Man muss sich wohl, glaube ich, etwas länger damit beschäftigen, nehme ich an. Und die Texte nicht wörtlich nehmen, das ist klar, die sind eben auch nicht wörtlich gemeint, eher symbolhaft. Wenn ich zum Beispiel vom Tod rede, dann meine ich nichts Morbides, sondern, wenn man so will, ewige Ruhe, also ewigen Frieden. Etwas, nach dem sich der Mensch, denke ich mal, sehnt. Dass sich sozusagen die Spannung des Lebens, der Realität sich auflöst in eine Entspannung, das allein schon ist ja ein physikalisches Prinzip. Die Sehnsucht nach innerem Frieden drücke in dann aus, indem ich zum Beispiel von Narkose, Tod und so was singe. Oder Lady Sleep, die Personifizierung des Schlafes, die Sehnsucht nach der andauernden Affäre mit dieser Lady, die ja gleichbedeutend ist für Tod, ewigen Schlaf und ewiger Ruhe, auch Erlösung. Das ist vielleicht auch eine Frage der Kultur. Es gibt bestimmt auch Kulturen oder Religionen, bei denen der Tod nicht so negativ behandelt wird und nur als Übergangsstadium in andere Ebene gesehen wird. Ich denke halt, dass dieses Erleben für mich mehr in Momenten der Ruhe, in Momenten, die nicht euphorisch sind, sondern eher in ausgehakten Momenten, in denen, wenn man so will, die Zeit still steht. Momente, in denen man es anlegt, der Realität zu entkommen und ein bisschen einen außenweltlichen Zustand zu spüren. Und das sind durchaus Momente, die eben nicht weiß oder schwarz sind, sondern vielleicht sogar grau, eben auch ruhig und, wenn man so will, langweilig – und das beinhaltet nun einmal nicht alles.

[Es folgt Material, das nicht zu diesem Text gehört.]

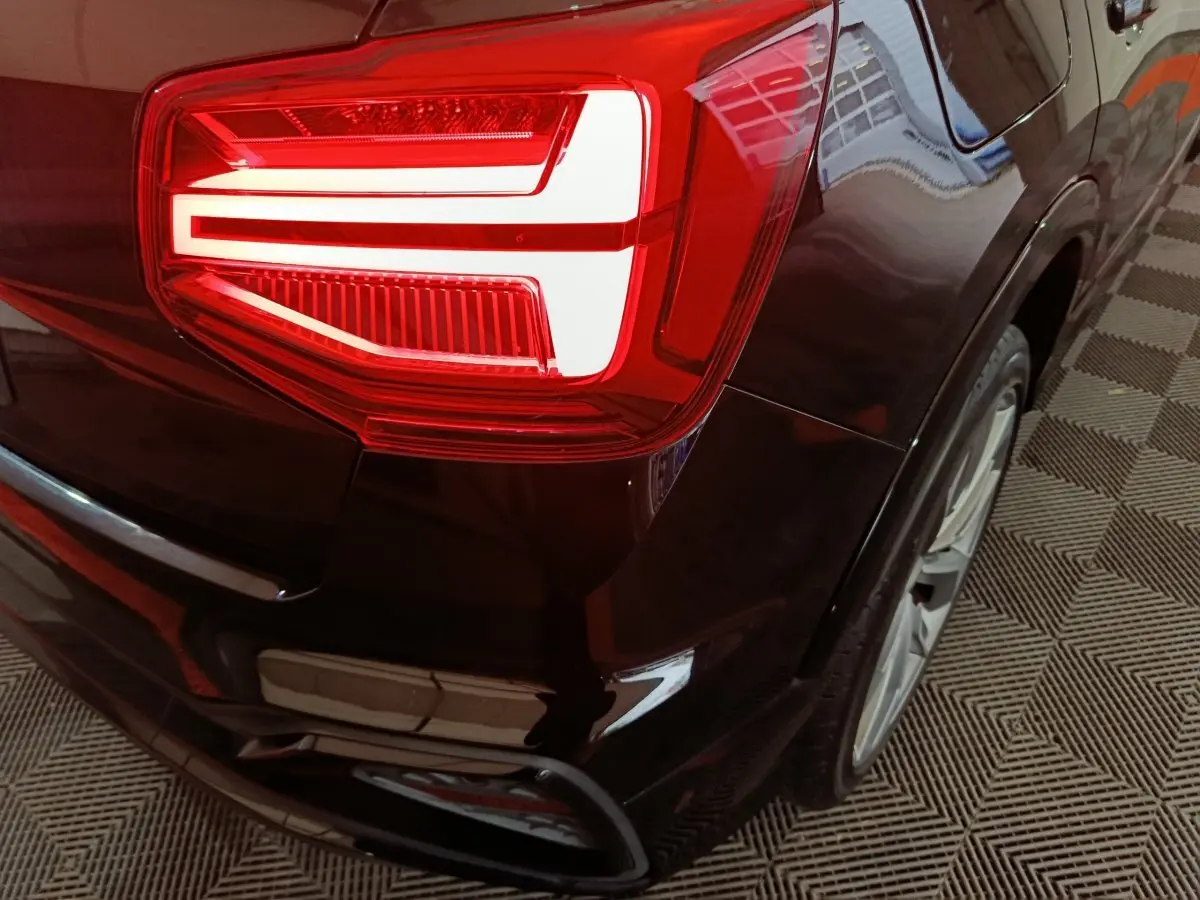 Gros plan sur le feu arrière gauche d'un Audi Q2 noir 2022, soulignant la finition S Line Plus et la jante arrière.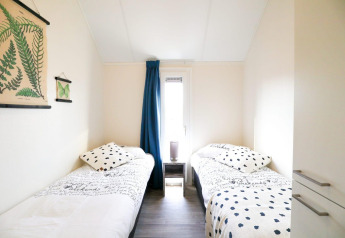 Lichte kamer met twee eenpersoonsbedden en botanische decoratie in Beach House 4, Marina Strandbad, Nederland.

Woher nimmst du denn eigentlich die Inspiration für deine "Poesiealbum-Lyrik"?

Ich weiß nicht, Texte sind ja nur ein notwendiges Übel. Keine Ahnung, irgendwo mal hingehört oder so. Texte, na ja, gehören halt leider dazu. Das Problem ist, dass Texte für mich vielleicht 10% des Liedes ausmachen und für einen Kritiker dann eben 90%. Die halten sich dann immer daran auf, was ich da irgendwie vielleicht gesagt oder im dictionary nachgeguckt habe und nehmen das für ernst und wichtig. Dabei geht es doch um die Musik und die Schönheit der Musik, den Klang, aber nicht so sehr um den Text. Sigur Ros haben es da toll, die versteht keiner, die singen überhaupt in keiner Sprache und da gibt es auch keinen, der fragt: "Warum bist du denn immer so traurig?", das ist ja eigentlich der Idealzustand.

Deine Lieder haben immer einen sehr intimen Anschein, wohl auch wegen der Texte. Gehört denn dann für dich Mut dazu, auf die Bühne zu gehen? Schließlich wird ja immer gesagt, dass du sehr schüchtern auf der Bühne bist.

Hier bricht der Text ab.